On the ELFv2 ABI, we need to allocate the parameter area in the stack frame only if a callee really uses it, e.g. vararg function.
However, current LLVM always allocates the parameter area conservatively. This inflate the stack size significantly.

This patch reduces the stack frame size by not allocating the parameter area if it is not required. In the current implementation LowerFormalArguments_64SVR4 already handles the parameter area, but LowerCall_64SVR4 does not (when calculating the stack frame size). What this patch does is making LowerCall_64SVR4 consistent with LowerFormalArguments_64SVR4.

The average stack frame size for the functions generated while compiling the LLVM source tree is reduced by about 50 bytes (from 182.9 byte to 133.7 byte).

Diff Detail

Event Timeline

inouehrs created this revision.Feb 12 2017, 11:11 PM

Please add some regression tests (i.e. in test/CodeGen/PowerPC/).

inouehrs updated this revision to Diff 88484.Feb 14 2017, 8:58 PM
inouehrs added a reviewer: hfinkel.
  • I updated the patch to further reduce the stack frame size. Now the average stack frame size is reduced by about 50 bytes (from 182.9 byte to 133.7 byte).
  • I added assets to confirm the parameter area is allocated before actually using it.
  • I added a regression test.
nemanjai edited edge metadata.Feb 23 2017, 3:21 AM

Please provide a message for the asserts to alert the user as to why the function needs a parameter area.
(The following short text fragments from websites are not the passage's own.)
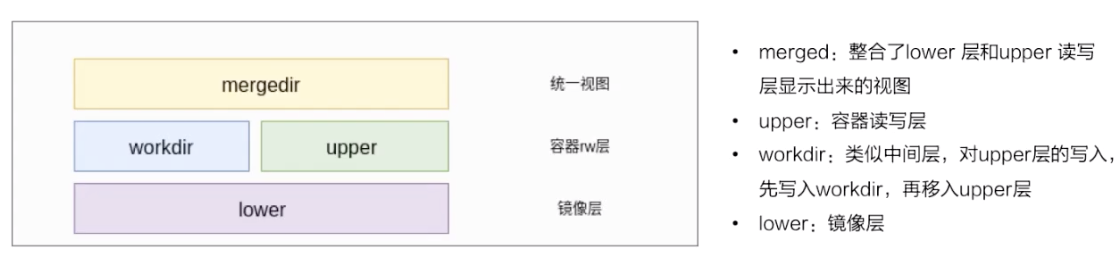 怎样深入剖析 Linux 容器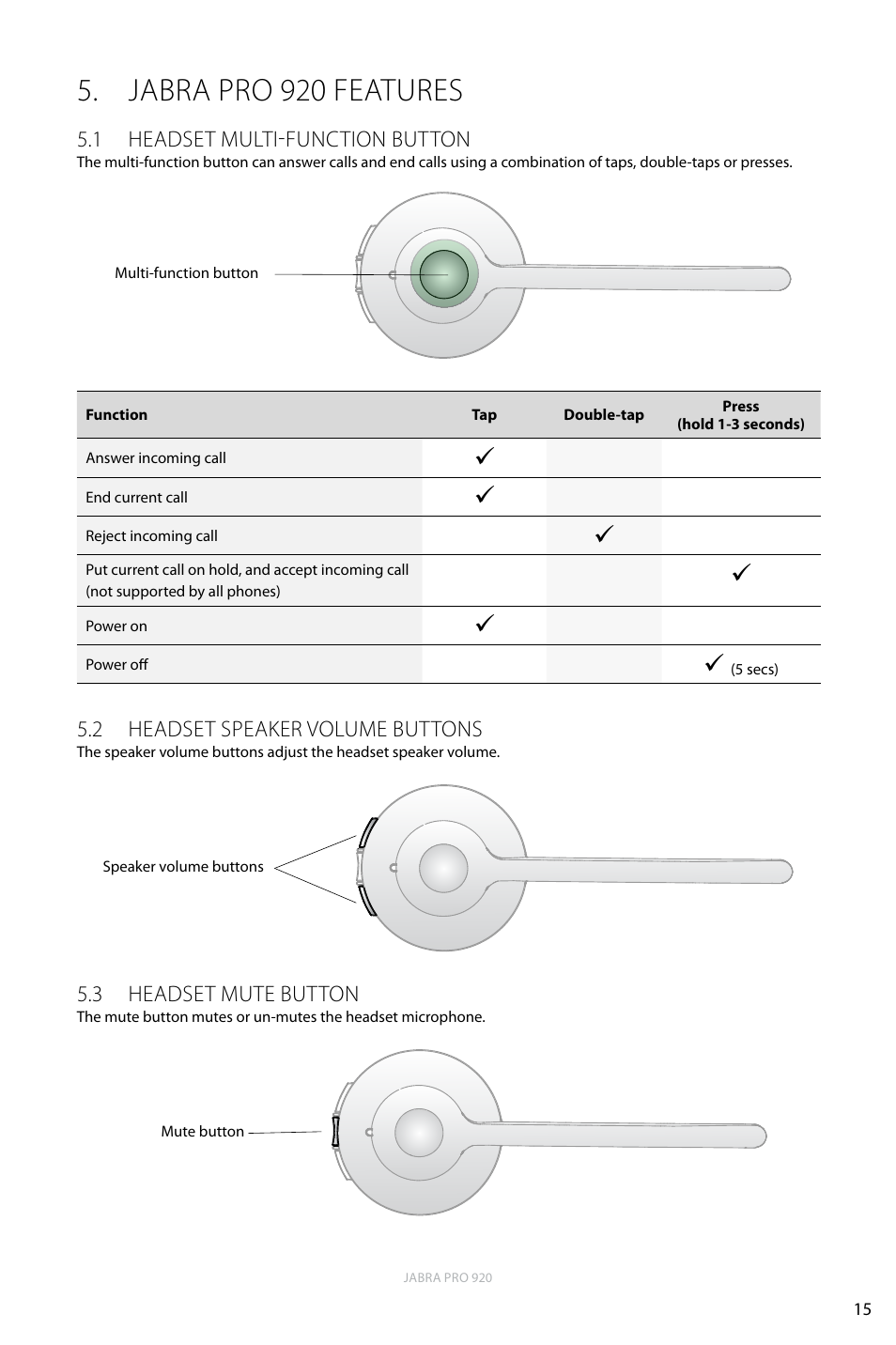Jabra pro 920 features, 1 headset multi-function button, 2 headset speaker volume buttons | 3 headset mute button, English | Jabra PRO 920 User Manual | Page 14 / 25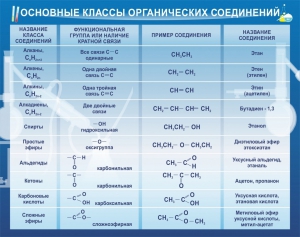 Стенд "Основные классы органических соединений" - fgospostavki.ru - Ярославль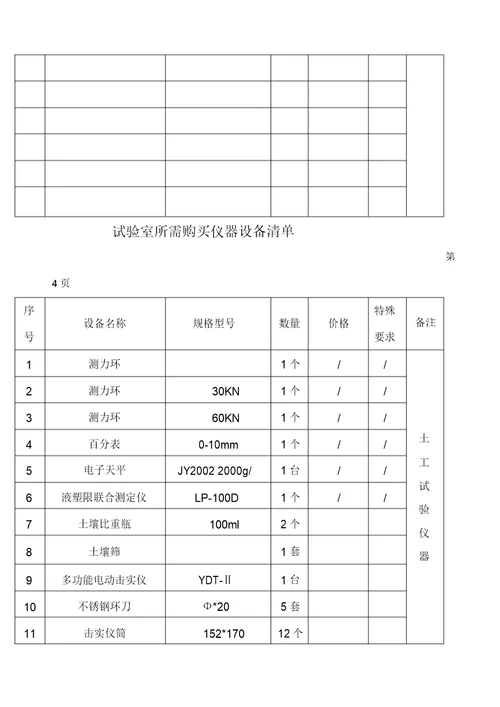 工地试验室需配置仪器清单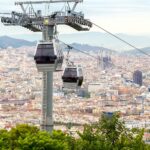 Nejzajímavější atrakce v Barceloně nese jméno Lanovka na Montjuïc 4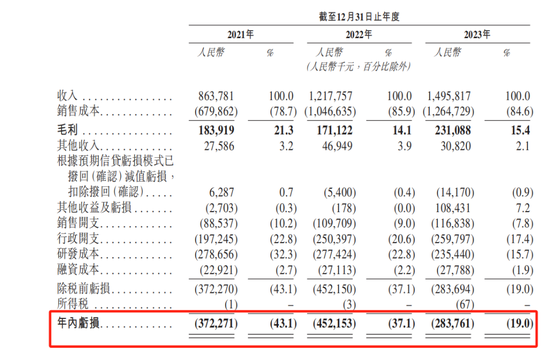 博泰车联网IPO：融资40亿的吞金兽，为何3年亏损11亿？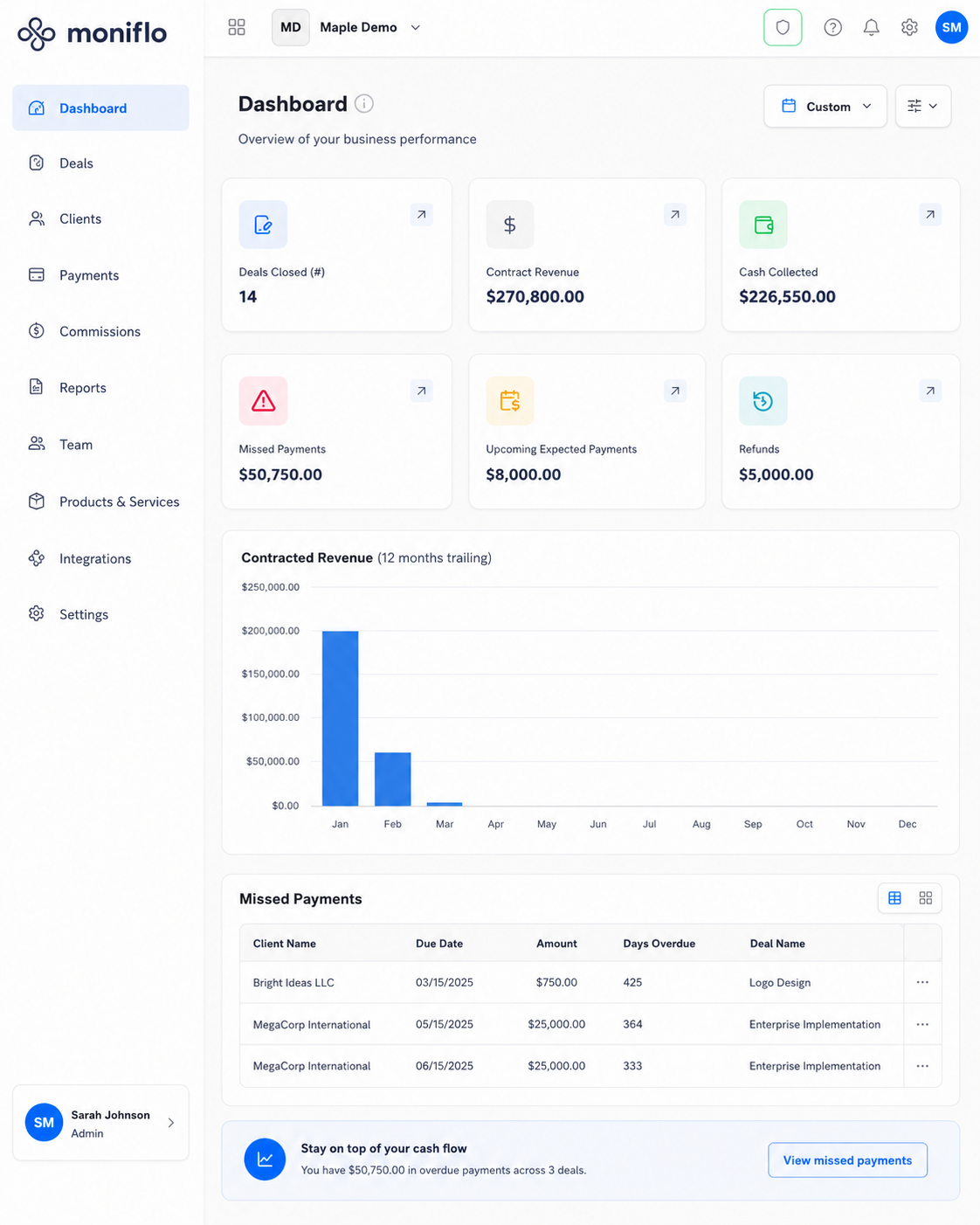 Moniflo founder dashboard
inouehrs updated this revision to Diff 89619.Feb 24 2017, 1:02 AM

I added message for asserts.

hfinkel edited edge metadata.Mar 1 2017, 11:11 AM

Why is there only code in LowerCall_64SVR4? Don't you also need to add corresponding code to LowerFormalArguments_64SVR4?

LowerFormalArguments_64SVR4 already includes the same analysis. So, LowerCall_64SVR4 and LowerFormalArguments_64SVR4 have been inconsistent (LowerCall_64SVR4 is more conservative than LowerFormalArguments_64SVR4).
What this patch does is making LowerCall_64SVR4 consistent with LowerFormalArguments_64SVR4.

hfinkel accepted this revision.Mar 2 2017, 6:46 AM

LowerFormalArguments_64SVR4 already includes the same analysis. So, LowerCall_64SVR4 and LowerFormalArguments_64SVR4 have been inconsistent (LowerCall_64SVR4 is more conservative than LowerFormalArguments_64SVR4).
What this patch does is making LowerCall_64SVR4 consistent with LowerFormalArguments_64SVR4.

Okay, please note that in the commit message. LGTM.

This revision is now accepted and ready to land.Mar 2 2017, 6:46 AM
inouehrs edited the summary of this revision. (Show Details)Mar 2 2017, 8:23 AM
This revision was automatically updated to reflect the committed changes.